World: The Pope Who Sings

Seated at a Rome refectory table, a young priest tells of hearing the Pope at his window singing along with a choir far below in St. Peter's Square. An older priest shakes his head. "This could not happen," he says emphatically. "Popes do not sing."

That may have been true in the past. But no longer. Last week, as Pope John Paul II made his triumphal progress through Poland, the watching world began to grasp what people in Rome and the highly conservative Vatican Curia have known for months: this Pope not only sings, but he sings out. He also kisses babies, cuts red tape, says what he thinks, has an actor's (or a politician's) delight in an audience, and a former laborer's gift for gauging the common touch of a crowd.

In contrast to his introverted, complex predecessor, Paul VI, the Pope is an outgoing man who treats the people around him, and indeed the whole Roman Catholic Church, with infectious optimism. As Wilton Wynn, TIME bureau chief in Rome, reports, John Paul's impact is electric, exceeding even that of another people's Pope, the beloved John XXIII. Pilgrims throng the Vatican at a rate normally seen only in once-a-generation Holy Years. Vendors have sold more photos of John Paul since October than they did of Paul VI during his 15 years as Pope. Priests who hear confessions in St. Peter's have encountered five times the number of penitents.

The Wednesday general audiences have been moved outdoors to St. Peter's Square unusually early in the year to meet popular demand. An unprecedented 50,000 to 80,000 people now regularly attend. To ease the midday traffic chaos, the starting time was shifted from noon to 6 p.m. Unlike past Popes, John Paul reaches out to press the flesh as he roams the piazza in an open van.

Even anticlerical observers in Rome admit, rather glumly, that John Paul has galvanized Italian Catholics, especially the young. Says Cesare Pagani, Bishop of Città di Castello: "The arrival of Pope Wojtyla has turned our youth upside down. They are taking over the leadership of the young again to advance not only the ecclesiastical but the civil life of our country."

Most modern Popes have been Bishop of Rome in name only. As the first non-Italian in Peter's Chair in 455 years, John Paul plunged forth from the Apostolic Palace to learn his new turf. Each Sunday he visits a different parish and, in preparation, summons the parish priest to brief him. What is the street layout? How did the people vote in the last election? What are their problems? After one visit, he invited the parish priest back to the Vatican for supper and an evening of sipping the priest's homemade wine".
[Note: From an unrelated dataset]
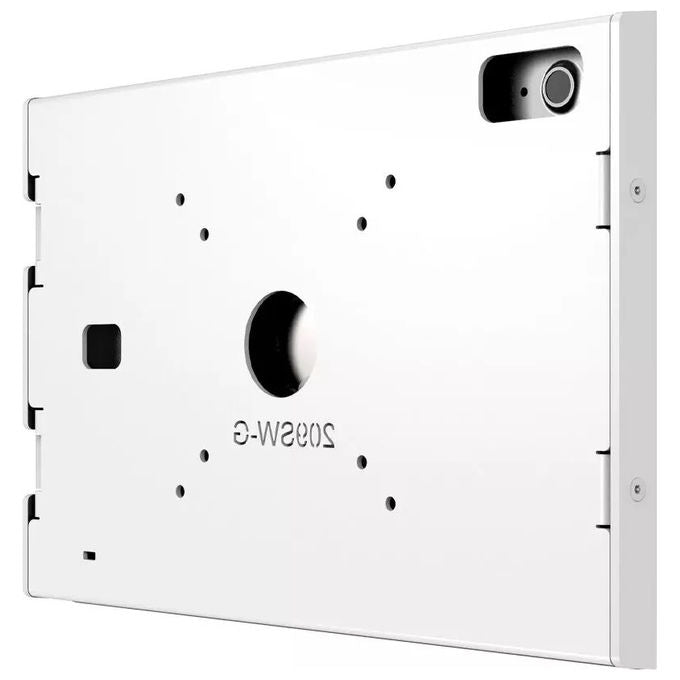 Compulocks, Supporto Antifurto Tablet Bianco 27.7 cm, Compatibile Apple iPad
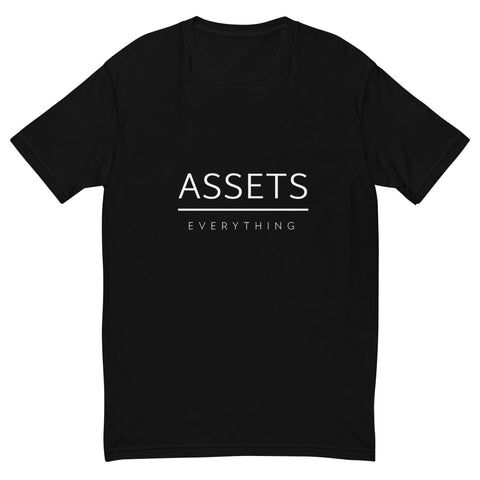 Assets Over Everything T-Shirt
On his pastoral rounds, John Paul never neglects the personal touch. At ceremonies, the Pope invariably will pause to lead a wandering child back to his astonished parents. A street sweeper's daughter asks him to perform her wedding and he instantly agrees. On a Sunday afternoon he stands on a field, racquet in hand, as it starts to rain. One of the young people who surround him suggests he seek shelter. Replies the Pope: "We athletes are not afraid of rain."